Historic house in Alabama, United States

Oakleigh is a c. 1833 historic house museum in Mobile, Alabama, United States. It is the centerpiece of the Oakleigh Historic Complex, a grouping of buildings that contain a working-class raised cottage, Union Barracks, and a modern archives building. The name for the estate comes from a combination of the word oak and the Anglo-Saxon word lea, which means meadow. The complex is within the Oakleigh Garden Historic District, the surrounding district and neighborhood being named after the estate.

==History==
Oakleigh was built on 33 acre of woodland west of Mobile in 1833 by James W. Roper, a brick mason from James City County, Virginia who was also a dry goods merchant and cotton factor. He chose this site for his house because of its valuable clay pit. He operated a Water Street brickyard in downtown Mobile on the present-day site of the RSA Battle House Tower.

While building Oakleigh, Roper lost his first wife, Sarah Ann Davenport, and a child. He remarried in 1838 upon completion of Oakleigh, and had four children with his second wife, Eliza Ann Simison.

The Panic of 1837 hit Roper and his business interests hard. After borrowing $20,000 to build the home, he was unable to pay back his loans, and the bank repossessed the home. With his business interests failing, Roper and his family then left Mobile, and became a lumber merchant in New Orleans, Louisiana in 1840. The bank would then sell off 24 acres of the land and rent out the home.

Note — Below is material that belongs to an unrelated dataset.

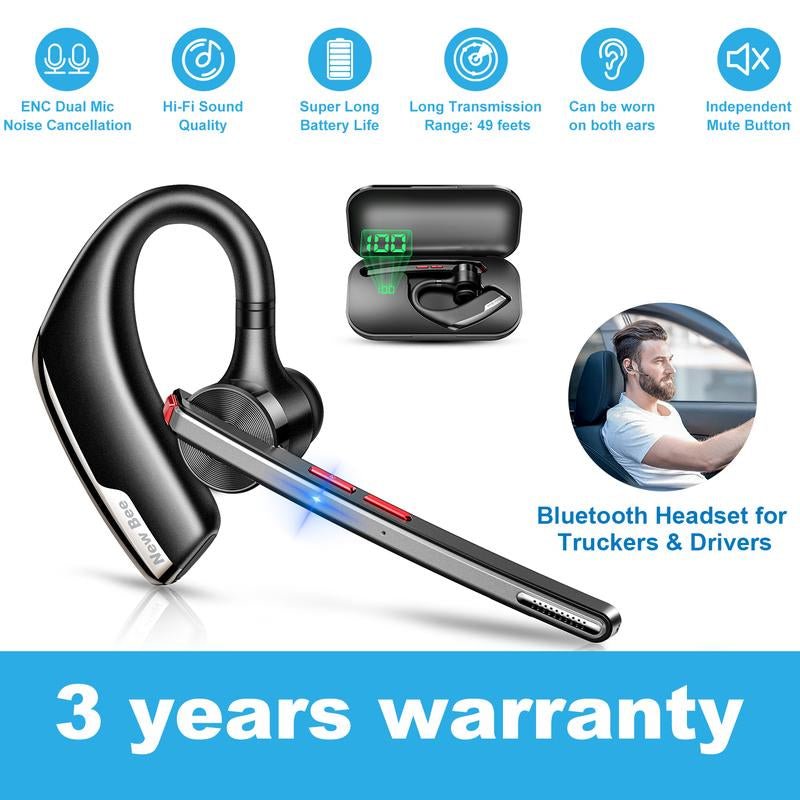 Dad’S New Favorite! New Bee Bluetooth Earpiece V5.2Headset 24Hrs Talktime CVC8.0 Dual Mic Noise Cancelling for Iphone/Android/Driver/Business/Office Allinoneshop-24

Alfred Irwin, treasurer of the Mobile & Ohio Railroad, purchased the house in 1852. During the Civil War his wife, Margaret Kilshaw Irwin, defended the home against Union soldiers by proclaiming the property neutral territory on account of her British citizenship and hanging the Union Jack from the balcony. T.K. and Lee Fearn Irwin, their sons, were both veterans of the Civil War and gained local prominence in the late 19th century. Lee served as Mobile's assistant postmaster, president of the Cherokee Cotton Mills, and manager of the Mobile Oil Mills. His older brother T.K., once aide to Confederate president Jefferson Davis, went on to establish the Mobile Cotton Exchange and later became its president. T.K. married Mary Anna Ketchum. Much of their correspondence from the Civil War years and after remains on file at Oakleigh today. Oakleigh remained in the Irwin family until sold by Daisy Irwin Clisby, granddaughter of Alfred, in 1916.

==Architecture==
Built as a raised, galleried villa in the Greek Revival style, Oakleigh is one of the largest T-shaped homes in the state of Alabama. The unique shape of the home allows for cross-ventilation in Mobile's humid subtropical climate. The lower floor was originally a raised basement, likely built of handmade brick from the site, once functioned as a workspace and storage. The home's second floor contains the main living quarters. The quarter-turn, cantilever staircase rising to the front door was designed by James Roper.

==The complex==
The Oakleigh Historic Complex also consists of the Union Barracks, the Cox-Deasy Cottage, and the Minnie Mitchell Archives. Visitors are able to view the complex via personally guided tours from Oakleigh Belles and/or docents.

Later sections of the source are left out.